Out with the old…
In the early days of Coursera, we had a variety of long-running jobs needed to support our platform, such as batch email sending, class-wide quiz regrades, gradebook exports for our instructors, and more. This resulted in us building Cascade, a simple PHP framework using worker threads to poll Amazon SQS for new jobs and execute them.
However, we found that there were a number of drawbacks with the system we had built, such as a lack of isolation between colocated workers and a fragile and manual deployment process. In addition, tight integration with SQS resulted in a poor development story that made it difficult for developers to easily prototype and test new jobs on our framework. At first, building Cascade in PHP allowed us to integrate tightly with existing code for our online PHP stack. However, as we transitioned to Scala for both the online and offline worlds, confining our jobs to PHP became a hindrance rather than an advantage. As a result, we decided to write a more flexible successor to Cascade, without the inefficiencies of our first system.
… in with the new
We named this new system “Iguazú,” after the famous South American waterfalls. Rather than construct Iguazú from scratch, we chose to leverage Docker and Mesos, which were a great fit for our needs in several ways. We also generalized the framework to support pluggable queuing services, thereby streamlining the development lifecycle by allowing local queues.

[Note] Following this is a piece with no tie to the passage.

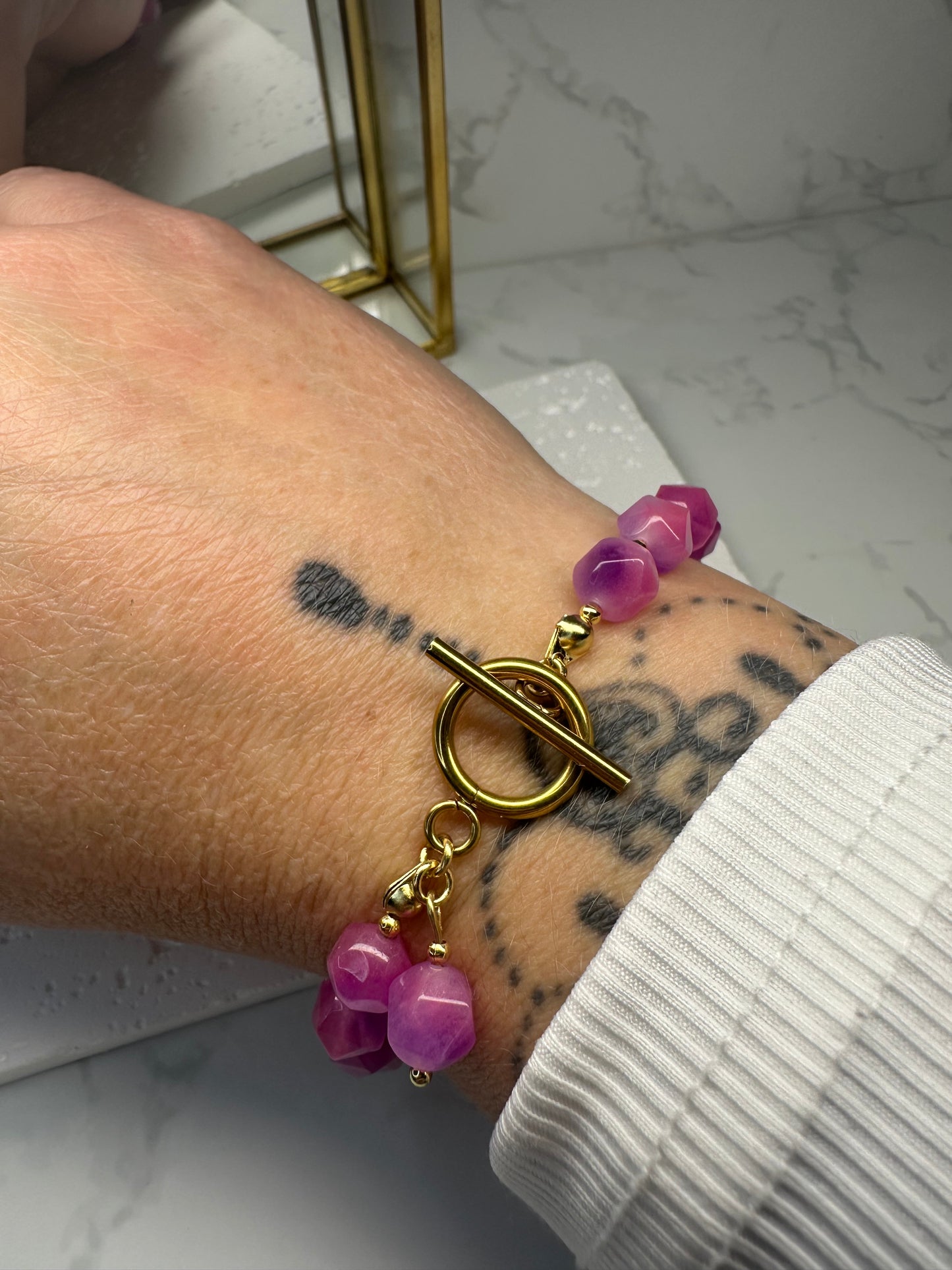 Two‑Tone Pink Jade Bracelet • 8mm•Toggle Clasp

As a lightweight packaging tool, Docker allows us to easily transition away from Cascade, simply by bundling our existing code for long-running jobs inside a Docker image. Moreover, our deployment process has become a quick two-step process: build a new Docker image using a Dockerfile, and upload it to a private registry.
While Docker helps us manage our job code, Mesos does the heavy lifting in managing how the jobs are run. By design, Mesos allows us to isolate our jobs and ensure that no one runaway job will cause other jobs to be terminated. Furthermore, Mesos still leaves us with enough control over how our jobs are scheduled and run, allowing us to autoscale without terminating machines that are still running jobs.
By using Mesos and Docker, we have built a new job-running system that we plan to use for many functions across Coursera, with use cases ranging from export jobs for instructors to grading student-submitted programming assignments to running batch analytics jobs for internal teams. We are currently vetting Iguazú in production and making it as robust and performant as we need it to be. Nevertheless, Mesos and Docker already provide us with numerous wins that we believe will make our new system a great tool for the many kinds of jobs we want to run.